*Problem details*:
Looking at the entries below, how many lines include the word "rent"? Answer with the number alone.

*Dataset*:
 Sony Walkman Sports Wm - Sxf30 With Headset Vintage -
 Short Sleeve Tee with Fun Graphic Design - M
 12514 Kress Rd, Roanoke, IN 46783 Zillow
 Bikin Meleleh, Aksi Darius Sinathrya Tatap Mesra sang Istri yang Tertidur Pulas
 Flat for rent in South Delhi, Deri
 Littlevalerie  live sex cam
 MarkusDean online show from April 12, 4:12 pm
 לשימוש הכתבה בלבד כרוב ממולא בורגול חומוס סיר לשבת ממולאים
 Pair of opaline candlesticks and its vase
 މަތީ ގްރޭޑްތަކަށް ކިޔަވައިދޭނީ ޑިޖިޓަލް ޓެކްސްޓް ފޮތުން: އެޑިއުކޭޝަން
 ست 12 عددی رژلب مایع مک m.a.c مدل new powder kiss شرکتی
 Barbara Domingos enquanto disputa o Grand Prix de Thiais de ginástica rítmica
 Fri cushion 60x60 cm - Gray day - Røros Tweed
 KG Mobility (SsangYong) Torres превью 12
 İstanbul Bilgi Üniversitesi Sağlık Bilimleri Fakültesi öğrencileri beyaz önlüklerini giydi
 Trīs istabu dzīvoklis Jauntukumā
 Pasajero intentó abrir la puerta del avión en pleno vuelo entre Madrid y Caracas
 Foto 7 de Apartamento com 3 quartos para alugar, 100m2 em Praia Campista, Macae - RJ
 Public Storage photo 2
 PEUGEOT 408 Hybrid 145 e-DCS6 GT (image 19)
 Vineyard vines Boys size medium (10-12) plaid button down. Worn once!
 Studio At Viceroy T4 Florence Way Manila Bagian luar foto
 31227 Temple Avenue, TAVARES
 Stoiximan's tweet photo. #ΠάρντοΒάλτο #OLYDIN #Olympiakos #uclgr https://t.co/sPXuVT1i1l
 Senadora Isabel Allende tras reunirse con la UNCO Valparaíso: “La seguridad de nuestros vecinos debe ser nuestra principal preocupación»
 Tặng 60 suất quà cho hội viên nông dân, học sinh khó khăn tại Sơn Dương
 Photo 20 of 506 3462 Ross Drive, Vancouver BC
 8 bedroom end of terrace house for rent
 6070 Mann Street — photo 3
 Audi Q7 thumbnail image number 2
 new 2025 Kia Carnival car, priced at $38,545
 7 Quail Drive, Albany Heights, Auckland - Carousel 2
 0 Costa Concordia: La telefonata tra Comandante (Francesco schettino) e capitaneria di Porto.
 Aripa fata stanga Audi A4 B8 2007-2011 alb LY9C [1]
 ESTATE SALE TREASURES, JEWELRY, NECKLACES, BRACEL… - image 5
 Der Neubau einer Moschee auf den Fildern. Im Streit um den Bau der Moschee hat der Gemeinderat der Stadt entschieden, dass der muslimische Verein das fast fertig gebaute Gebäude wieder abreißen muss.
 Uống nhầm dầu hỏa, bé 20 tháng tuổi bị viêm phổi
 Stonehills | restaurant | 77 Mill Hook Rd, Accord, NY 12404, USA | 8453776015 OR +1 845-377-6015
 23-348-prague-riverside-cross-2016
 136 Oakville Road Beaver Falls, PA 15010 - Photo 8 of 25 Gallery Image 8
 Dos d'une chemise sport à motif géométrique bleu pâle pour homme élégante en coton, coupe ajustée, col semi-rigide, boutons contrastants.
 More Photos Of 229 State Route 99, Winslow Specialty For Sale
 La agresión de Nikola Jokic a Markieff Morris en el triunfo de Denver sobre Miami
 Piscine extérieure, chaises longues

*Result*:
2